═══ GIVEN DATA ═══

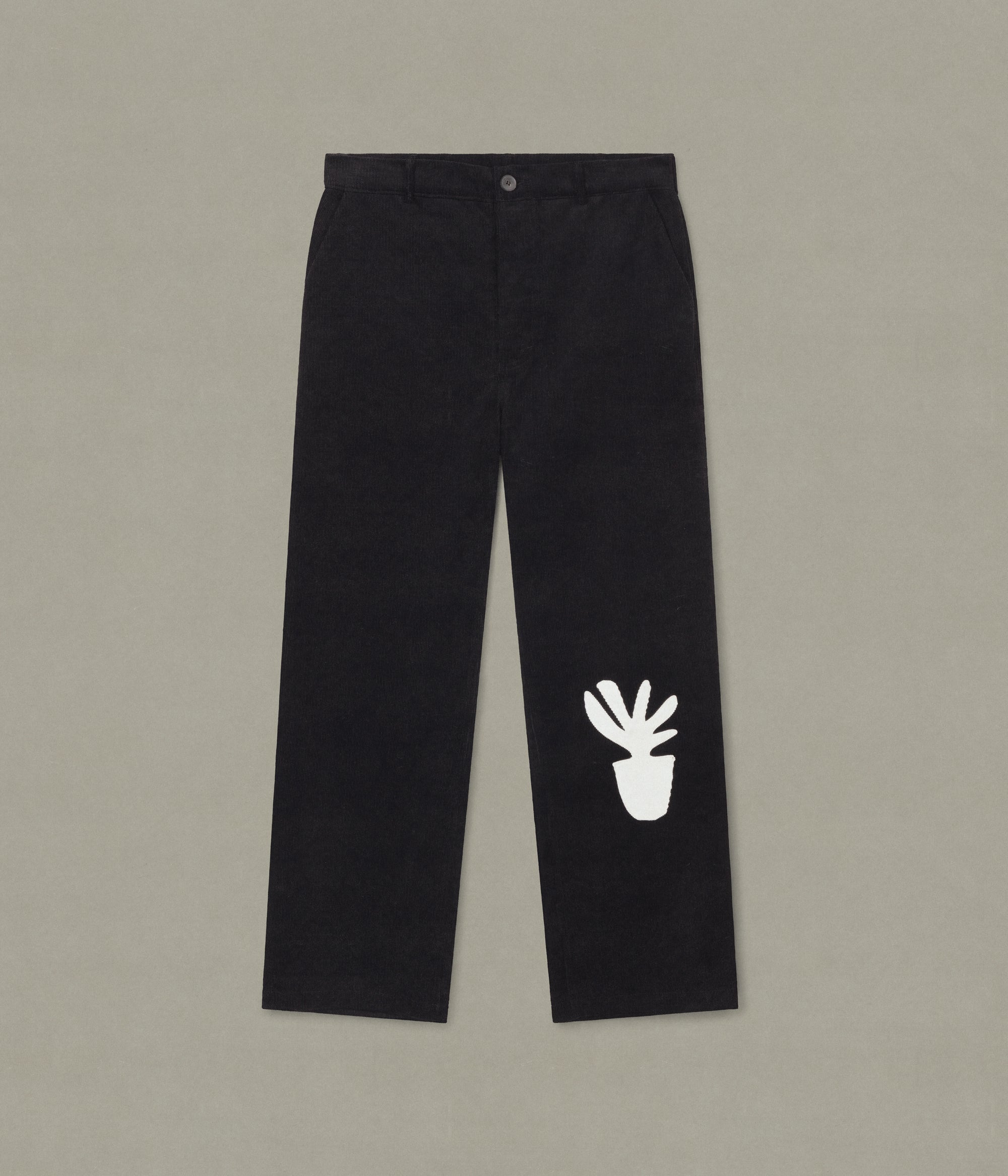 Plant Pot Cord Pant, Black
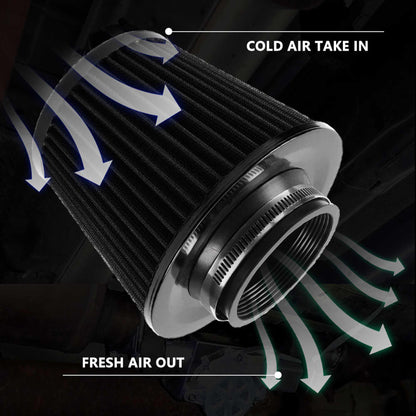 Universal 76mm High Performance Cold Air Filter Clamp-On Air Intake Filter Washable Filter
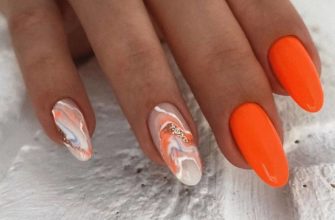 Дизайн ногтей в оранжевом цвете: модные идеи в 2021-22 году (200+фото)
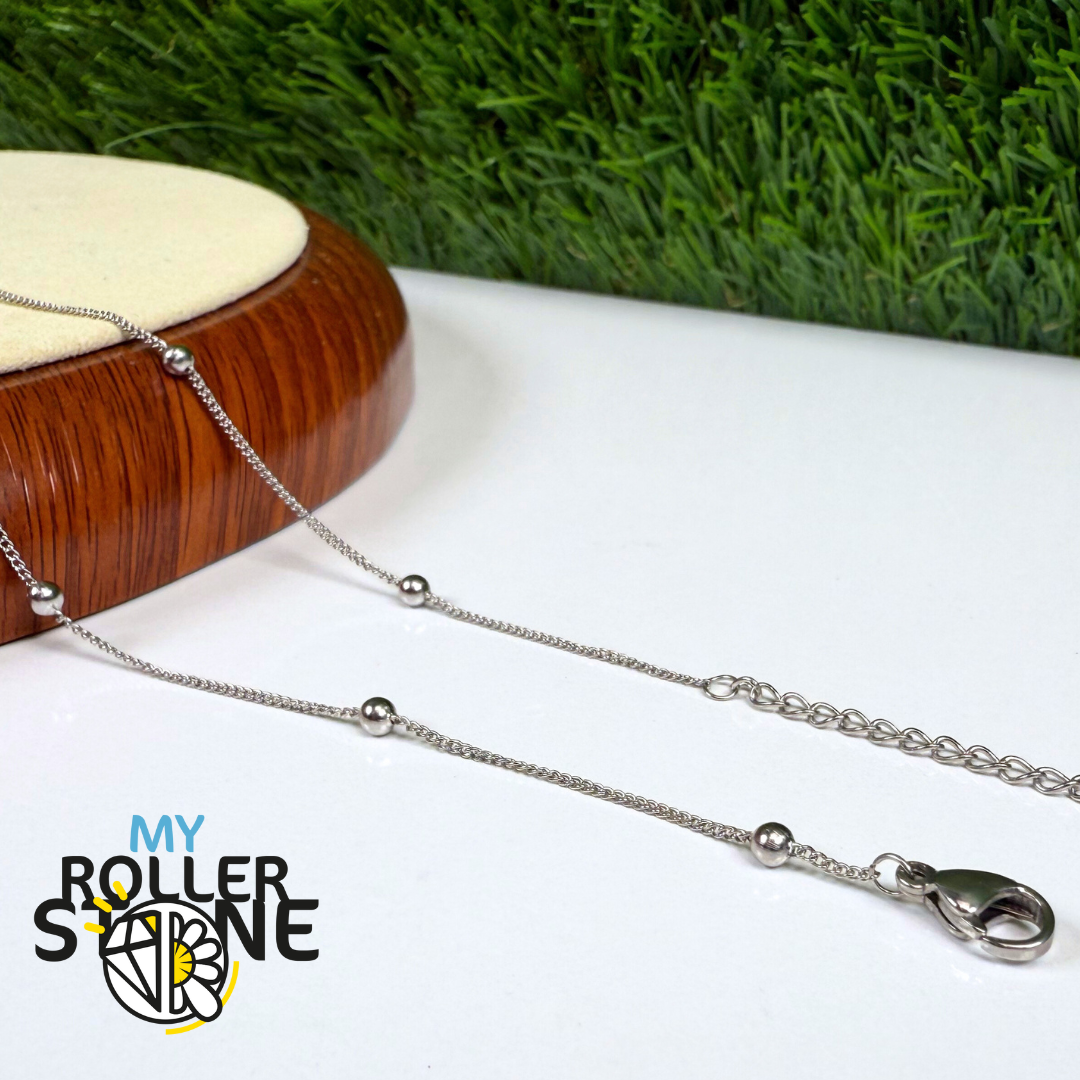 Chaine perlée en acier inoxydable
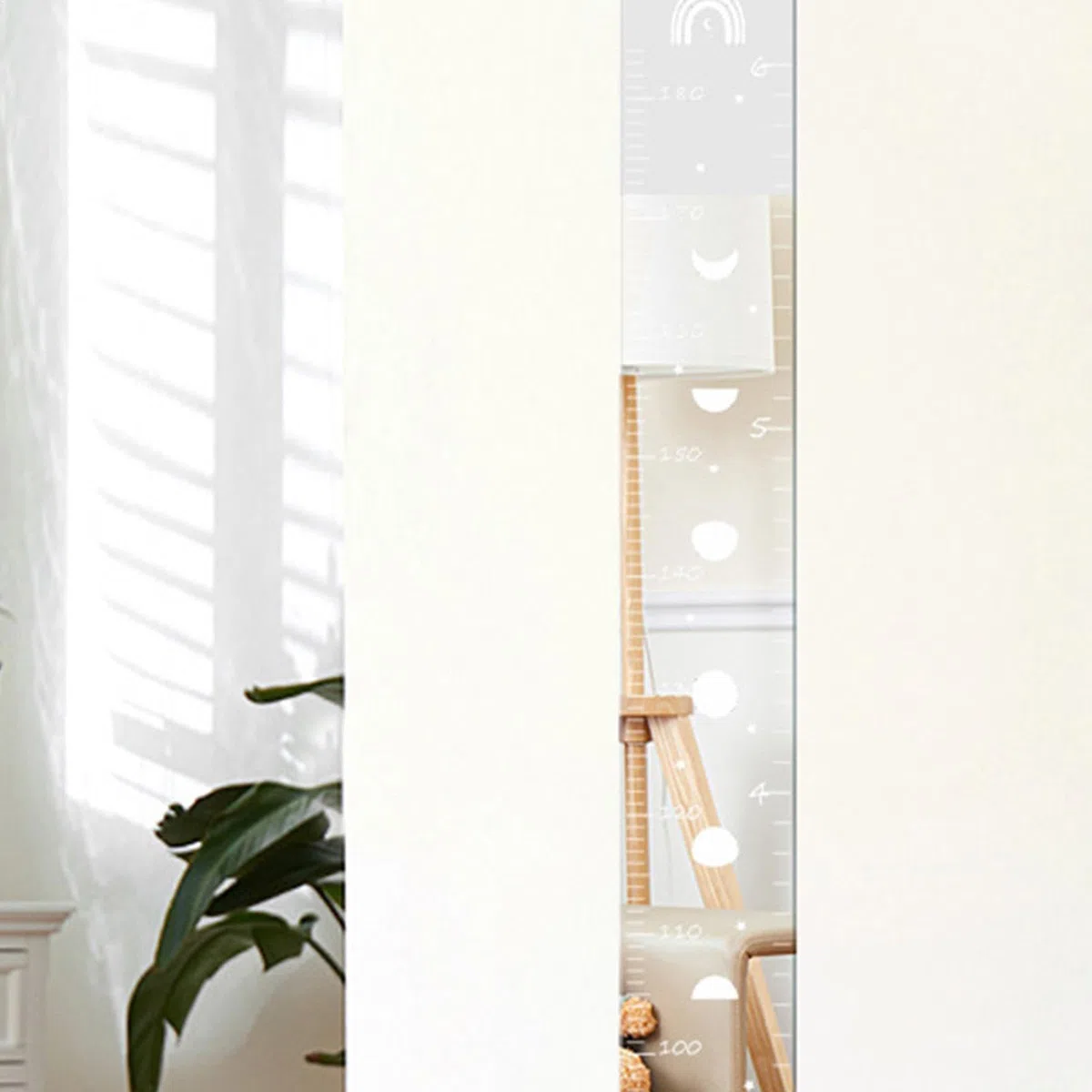 Genérico Espejo Medidor Infantil, Growth Chart Mirrors Kids, Medidor Altura Niños Pared, Puzzle De Espejo De Tabla De Crecimiento Bebe, Regla De Espejos Decorativos De Pared, Decoración Hogar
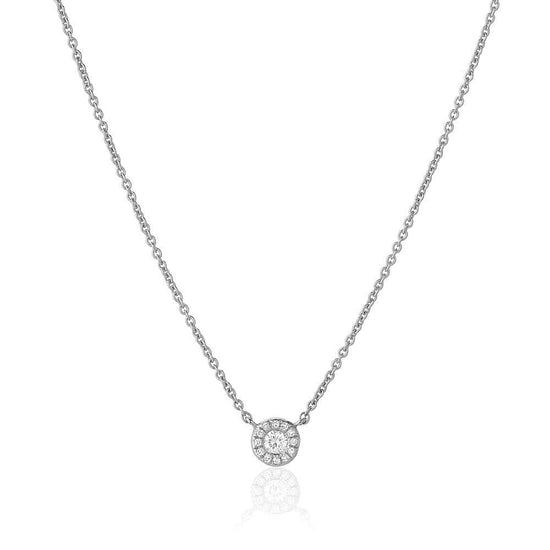 NKL-14K Diamond Halo Necklace - 14K White Gold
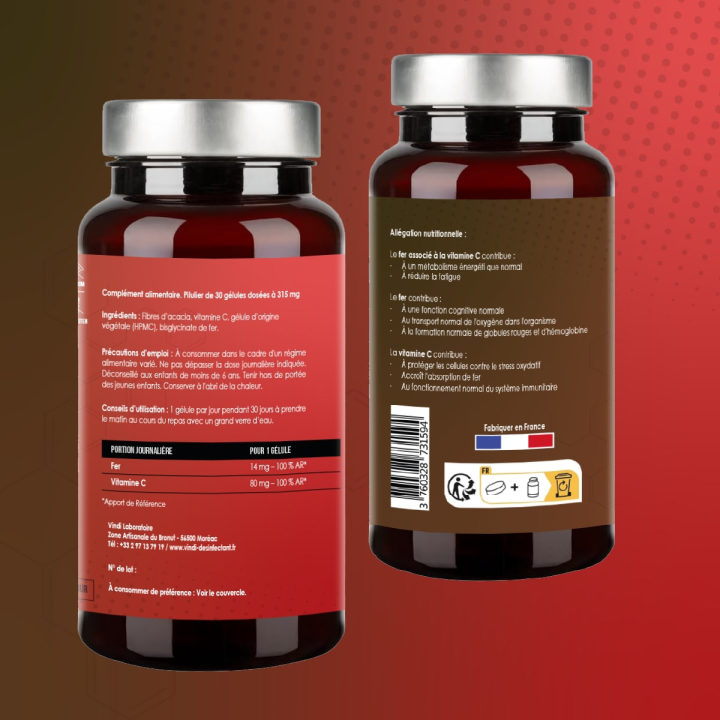 Fer Bisglycinate & Vitamine C – Fatigue | Vindi Nutrity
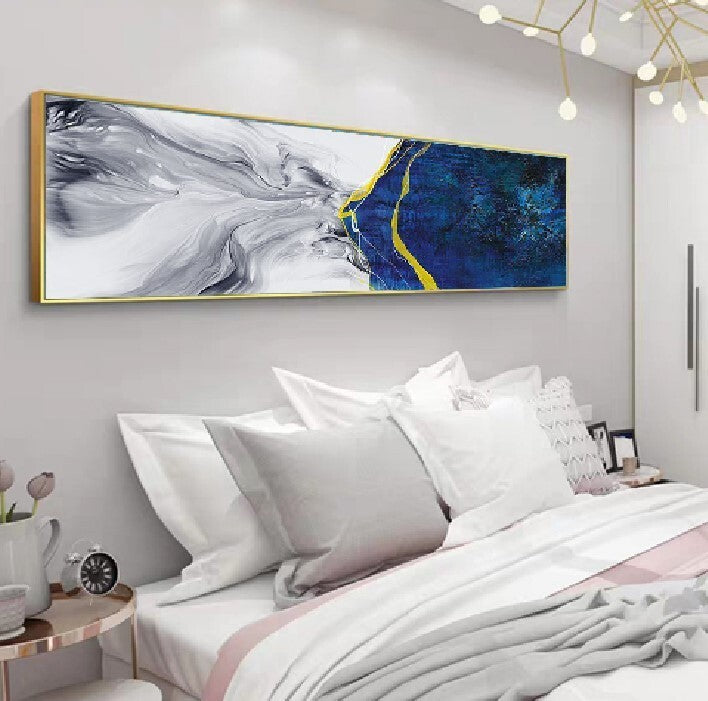 Abstract Wall Art Framed Long Canvas Painting - 100cm x 30cm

═══

▸ **EXERCISE OBJECTIVE**
What is needed is an exact copy of every line from the one with "Genérico Espejo Medidor" to the end of the listing above, with the pictures left out.

▸ **YOUR SOLUTION**
 Genérico Espejo Medidor Infantil, Growth Chart Mirrors Kids, Medidor Altura Niños Pared, Puzzle De Espejo De Tabla De Crecimiento Bebe, Regla De Espejos Decorativos De Pared, Decoración Hogar
 NKL-14K Diamond Halo Necklace - 14K White Gold
 Fer Bisglycinate & Vitamine C – Fatigue | Vindi Nutrity
 Abstract Wall Art Framed Long Canvas Painting - 100cm x 30cm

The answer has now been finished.